Jeff Green was once considered one of the more promising athletes at the wing position in the NBA. Those days are past him. After becoming a punch line as the “guy a pseudo-contender wasted a first-rounder on to try to get them over the top”, he signed a one-year, $15 million deal with the Orlando Magic last summer.
Last year, he wasted away, as players tend to do when they sign contracts with the Orlando Magic (see: Frye, Channing). He averaged career low in minutes (22.2 per game) scoring (9.2 per game), rebounding (3.1 per game), field goal percentage (39.4 percent) and three-point percentage (27.5 percent).
With that said, and I know this sounds like a stretch, I’m generally inclined to disregard players experiences in Orlando. That place is cultural hell, neither tanking nor competing, with little to no system on a year-to-year basis and a disastrous roster fit.
Tyronn Lue has an affection for Green, as he coached him in Boston when he did this to a LeBron James-led Heat team:
Green certainly can’t do that anymore, but he can still at least score at the rim at a decent level. He only took 23 percent of his shots within 0-3 feet of the rim, but finished at a healthy (if not insane) 56 percent. It was the “everywhere else” that was a problem. 46 percent of Green’s shots came from 16 feet or further from the rim. He shot 34 percent on shots between 16 feet and the three point line, and 27.5 percent from three.
Cutting out these ugly shots that he just can’t really make and focusing more on screening and cutting, especially against slower fours, could help revitalize his efficiency to some degree.
With that said, there could be an issue of finding minutes for Green, though Joe Vardon seems to think that he will land in Lue’s rotation:
“I don’t view Crowder as someone who shares minutes, and the Cavs are extremely happy to have him. Green, meanwhile, is a favorite of Lue’s, so he’s going to play behind James or Love or Crowder.”
This makes sense to some degree until you account for the fact that because LeBron historically has such an expansive minutes load, Jae Crowder will have to play a ton of his minutes at the backup four spot just to get to the 30 or so he deserves. With Kevin Love being no slouch in the minutes department either, even accounting for some extra time at center this season, it’ll be tough for Green to find minutes.

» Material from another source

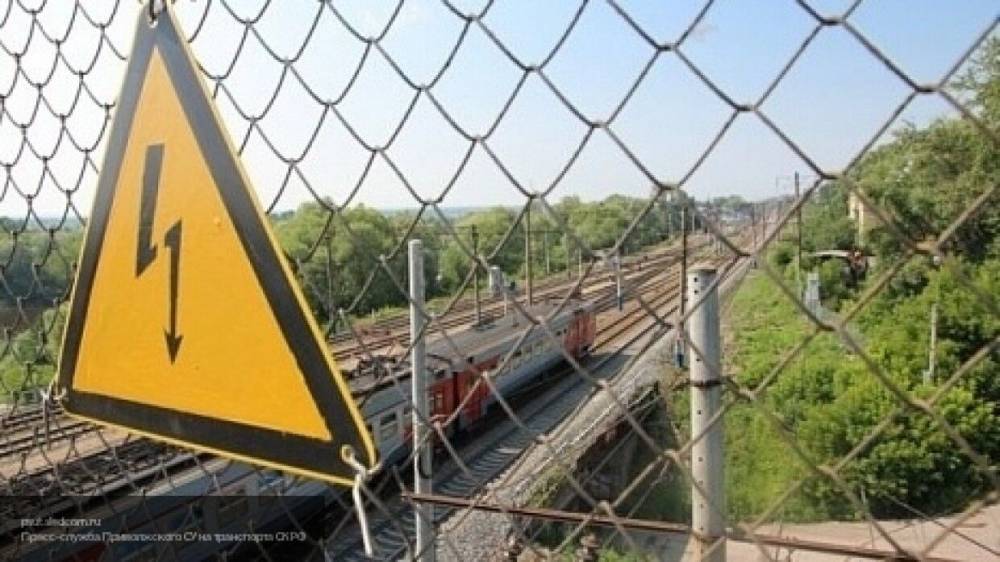 Два человека погибли от удара током на железной дороге во Владивостоке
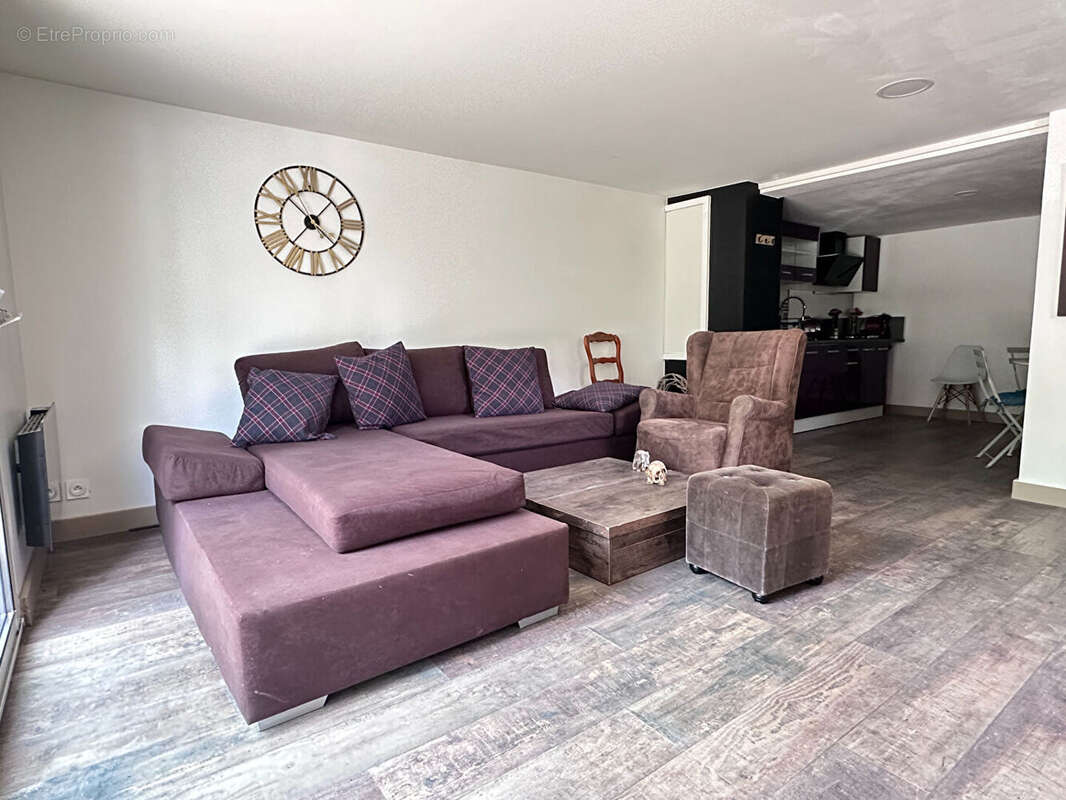Immeuble de rapport ou maison familiale 240 m2 - 4 logements à La Couronne - photo 14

Lue historically runs a nine man rotation, and once the team is fully healthy, either he or Channing Frye will have to be the odd man out. With Dwyane Wade set to join the Cavs, it gets even trickier for Green.

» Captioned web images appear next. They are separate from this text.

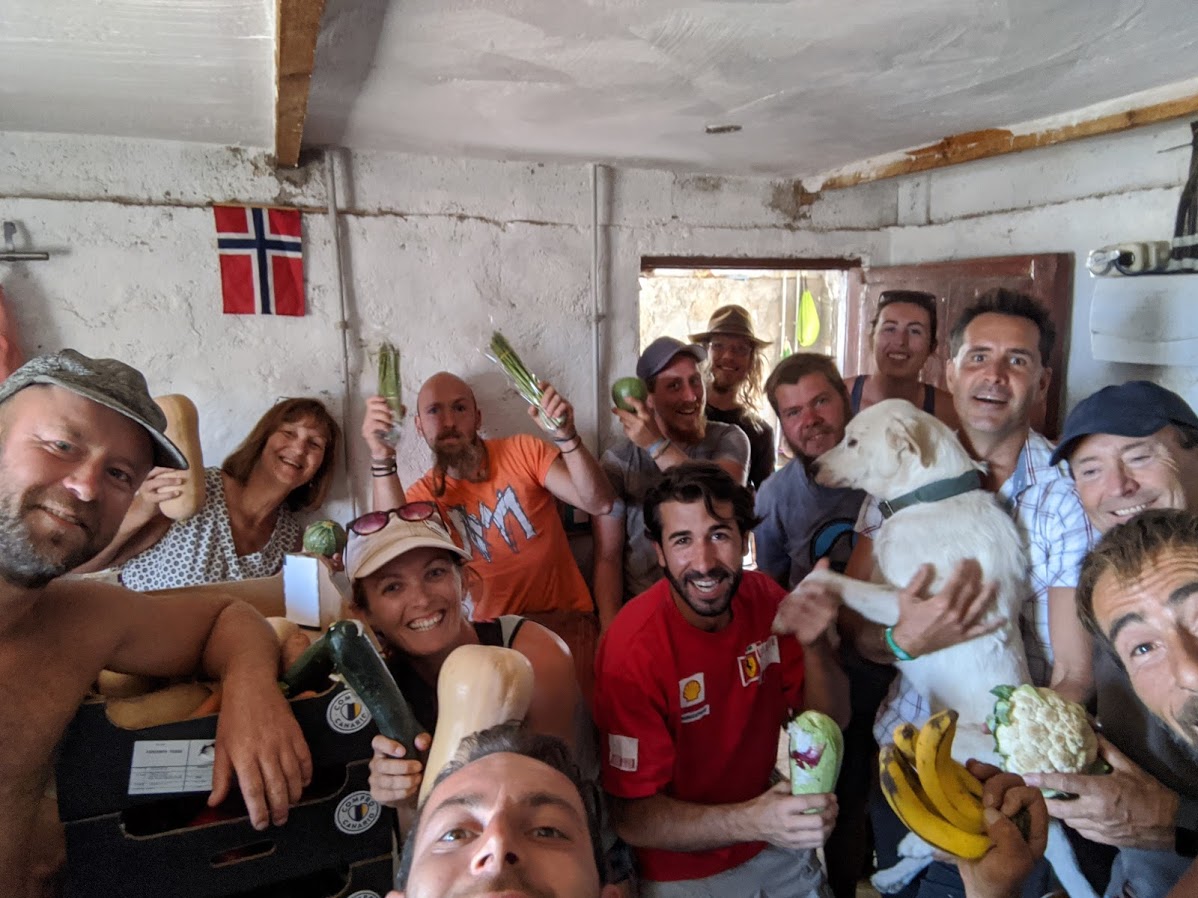 team of live-in volunteers animal shelter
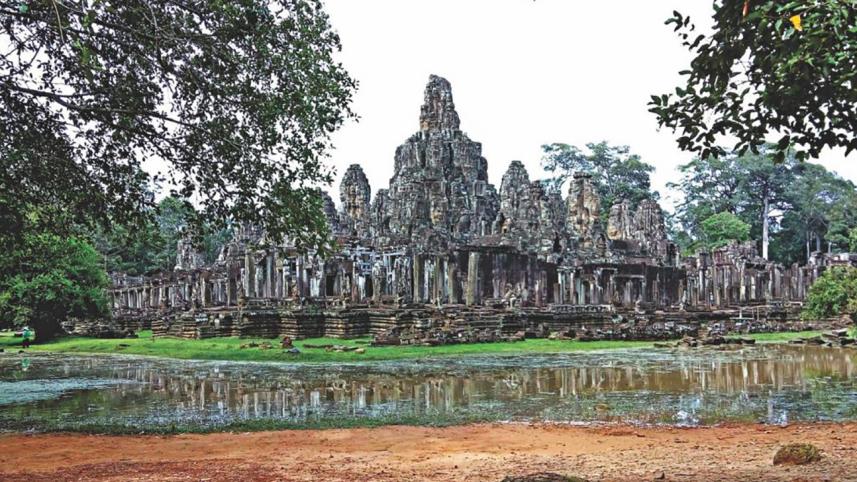 siem_reap_-_the_city_of_stones1.jpg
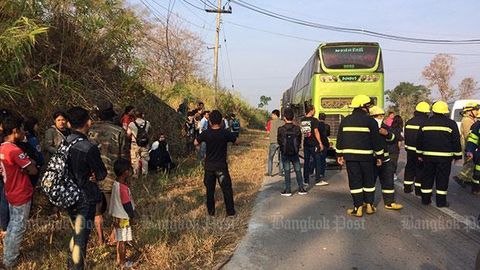 Таиландда автобус ҳайдовчиси 50 йўловчини қутқарди, бироқ ўзи ҳалок бўлди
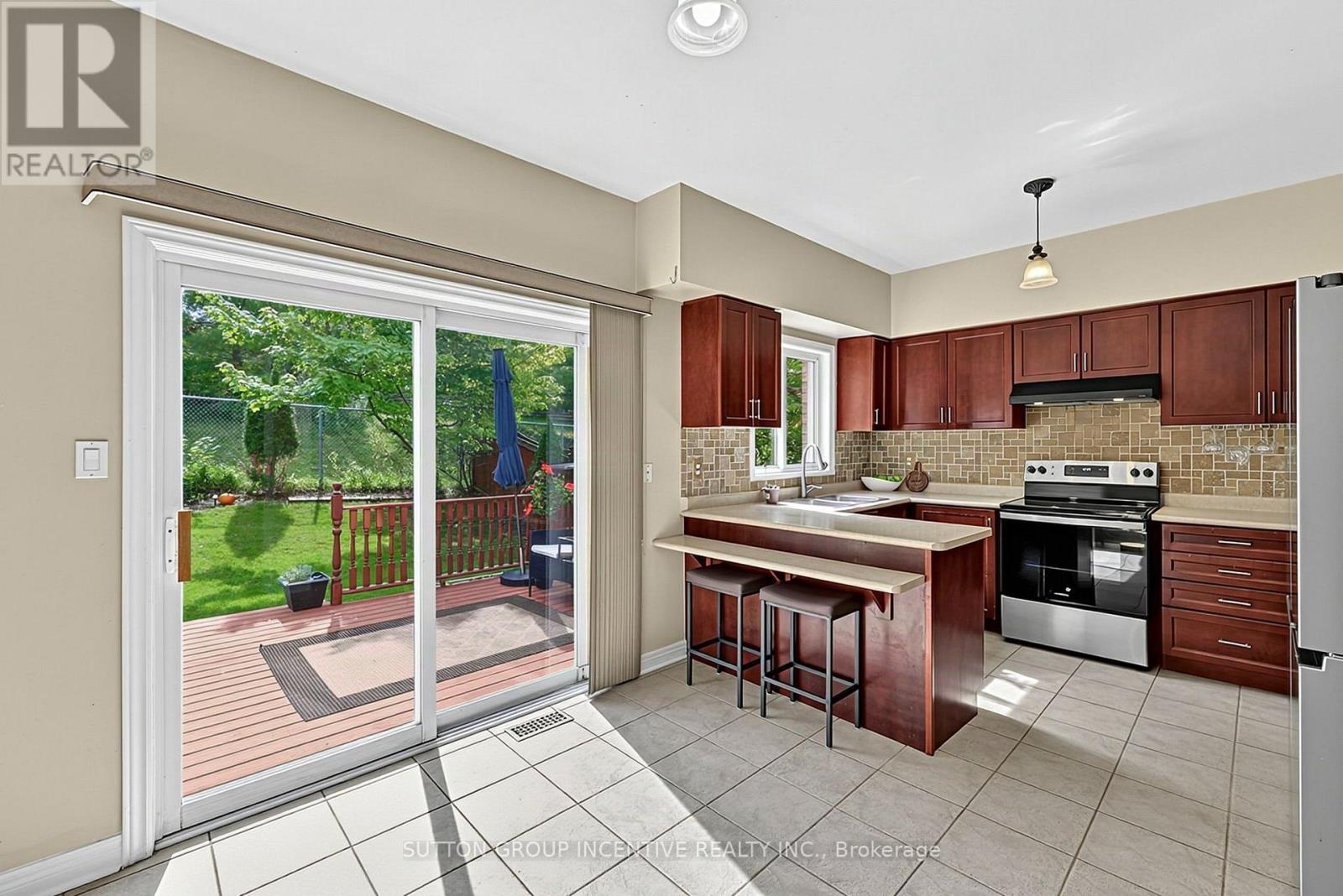 23 PRINCE OF WALES DRIVE, Barrie (Innis-Shore) — photo 6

Lue isn’t afraid to play guys who are productive, but we also saw Derrick Williams show promise last season and get squeezed out of the rotation by players with better pedigree. Green can still revive his game by cleaning up the kinds of shots he takes and focusing hard on becoming an impactful defensive player on switches, but it could be very hard for him to find the minutes to do so in 2017-18.